Our methods are particularly beneficial to improve the localization reliability in experiments with constraints on the number of scattered photons, or on the NA of the objective lens. For example, experiments imaging light fermions like lithium and potassium atoms suffer from low fluorescence scattering rates, which are generally more than one order of magnitude smaller than those achieved with heavier atoms like Cs and Rb. Recent experiments with light fermions have shown that even for large NAs $\mathrm{NA}\gt 0.8$ the number of photoelectrons recorded per atom is around $1000$ for an exposure time of $1\;{\rm{s}}$ [1416]. Similar yields of photoelectrons are obtained in our apparatus where we employ an objective lens with much smaller NA ($\mathrm{NA}=0.23$). By taking advantage of our deconvolution methods, these experiments can minimize the exposure time while ensuring a high reliability to localize each individual atom in the lattice. Short exposure times reduce the probability of atoms to hop to neighboring sites, thus avoiding localization errors as well as losses of atoms colliding inelastically with a second neighboring atom.

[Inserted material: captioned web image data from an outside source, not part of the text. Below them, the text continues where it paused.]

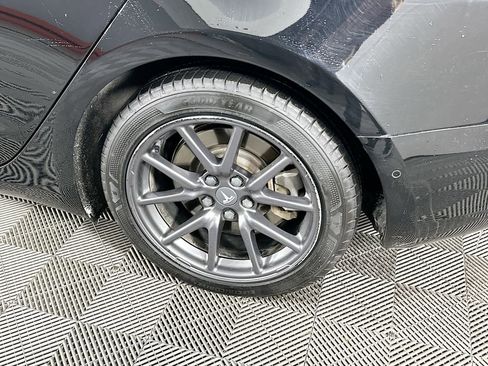 Used 2018 Tesla Model 3 Long Range image 34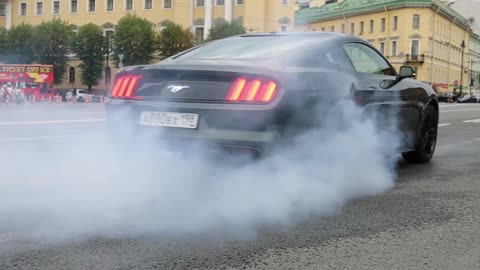 Look at this amazing Ford Mustang, wearing out the tire while it smokes!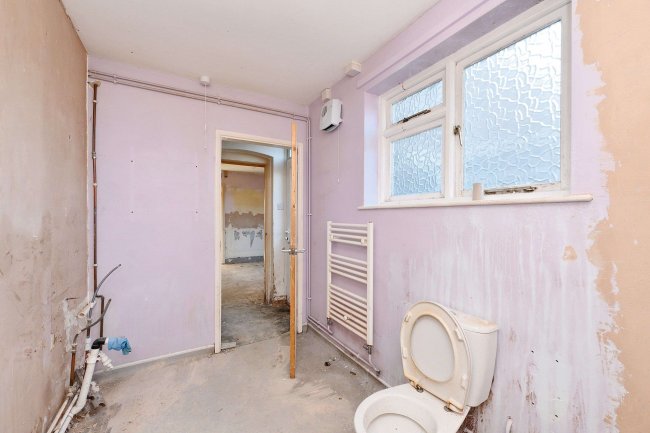 257 Great North Road, East Socon, St Neots, Cambridgeshire, PE19 8BN 1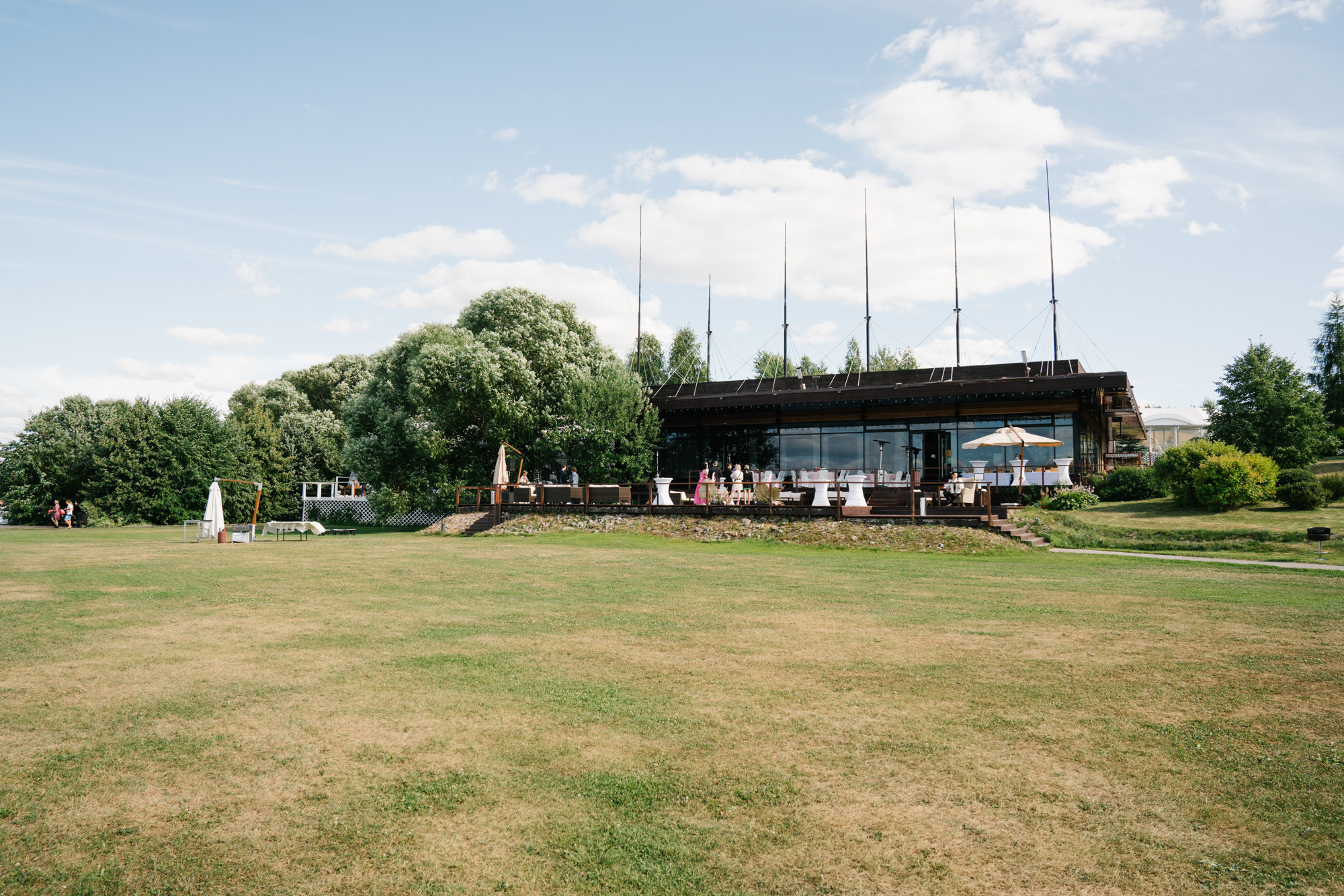 Hochzeitsfotografie im Yachtclub Ammersee und in der Schweiz. Inna Zaytseva Photography | Fotografin in München | Content Creation
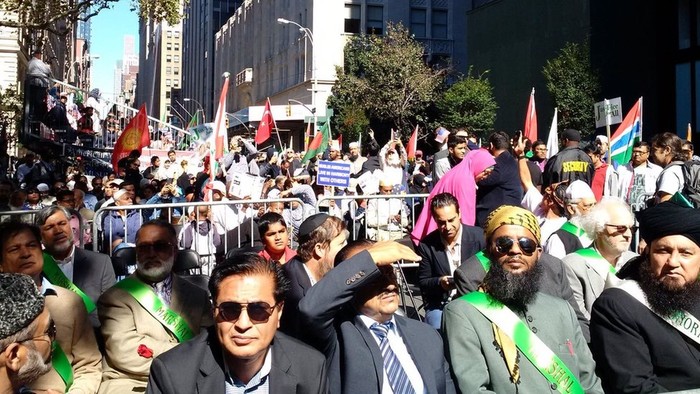 Khawatir Trump Terpilih, Muslim AS Ramai-ramai Mencoblos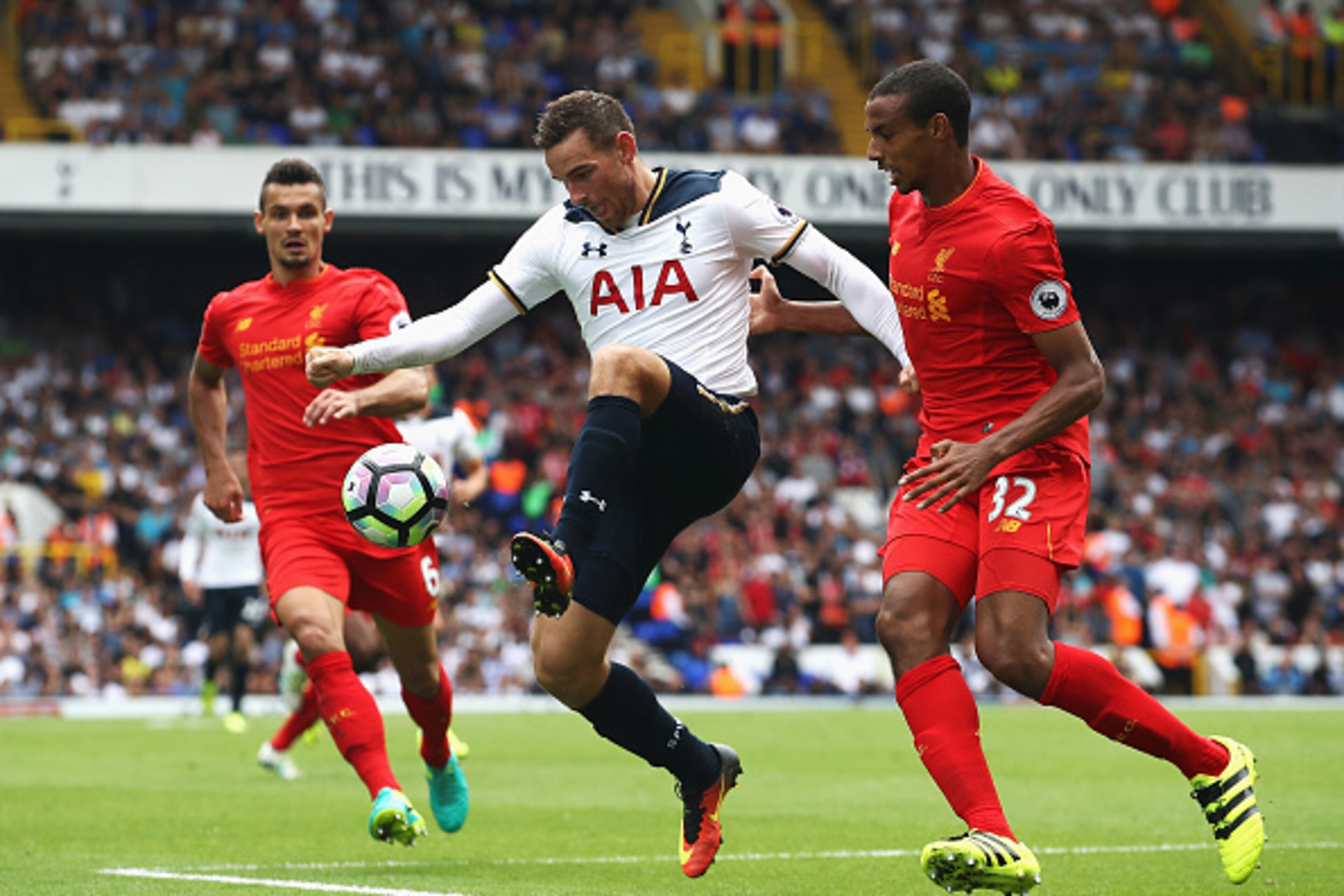 LONDON, ENGLAND - AUGUST 27: Vincent Janssen of Tottenham Hotspur controls the ball during the Premier League match between Tottenham Hotspur and Liverpool at White Hart Lane on August 27, 2016 in London, England.  (Photo by Julian Finney/Getty Images)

In our laboratory, the construction of a new experimental apparatus for imaging single atoms with much higher NA ($\mathrm{NA}\gt 0.9$) is underway, which ensures a twenty times higher collection efficiency and a four times narrower PSF. The analysis methods demonstrated in this article, when applied to the new imaging apparatus, should enable single-site resolution with unprecedentedly short exposure times ($\lt 10\;\mathrm{ms}$)5 , allowing us to directly discriminate between the two internal hyperfine states of Cs atoms (qubit states) [48, 63, 73]. Moreover, it is the goal of future work to investigate whether compressed sensing techniques, which rely on a completely different principle than our parametric deconvolution method, provide advantages for information retrieval beyond the diffraction limit [74, 75].

Acknowledgments

The authors gratefully acknowledge financial support by the DFG (FOR635) and by the European Community (projects DQSIM and SIQS). M Karski, R Reimann, and C Robens acknowledge partial support from the Studienstiftung des deutschen Volkes, R Reimann, C Robens, S Brakhane from the BCGS Graduate School, and A Alberti from the Alexander von Humboldt Foundation. The authors also acknowledge L Förster and J-M Choi for technical assistance, and A Steffen and J Zopes for valuable discussions on numerical methods, and G Lüchters for insightful discussions on statistics, as well as Y Ashida and C Monroe for stimulating and fruitful discussions on the limits of super-resolution imaging.

Appendix A.: Single-photon cameras

With current technology, the sensitivity limit of conventional CCD sensors is determined by read-out noise, which is produced during the processes of charge-to-voltage and analog-to-digital conversion [76]. Low-noise CCD cameras cooled to low temperatures ($\lt -50\;^\circ {\rm{C}}$) and operating at high read-out rates ($\gt 10\;\mathrm{Mpixel}\;{{\rm{s}}}^{-1})$) have $\mathrm{rms}$ values of read-out noise equivalent to $6\;\mathrm{ph}.{{\rm{e}}}^{-}$. When operating at low read-out rates ($\lt 20\;\mathrm{kHz}$), commercial state-of-the-art CCD sensors can attain lower read-out noise around $2\;{{\rm{e}}}^{-}$, however, still above the value of one electron per pixel—the ultimate limit for single photon imaging. Recently, research prototypes showed that sub-electron read-out noise could be realized in the near future [77].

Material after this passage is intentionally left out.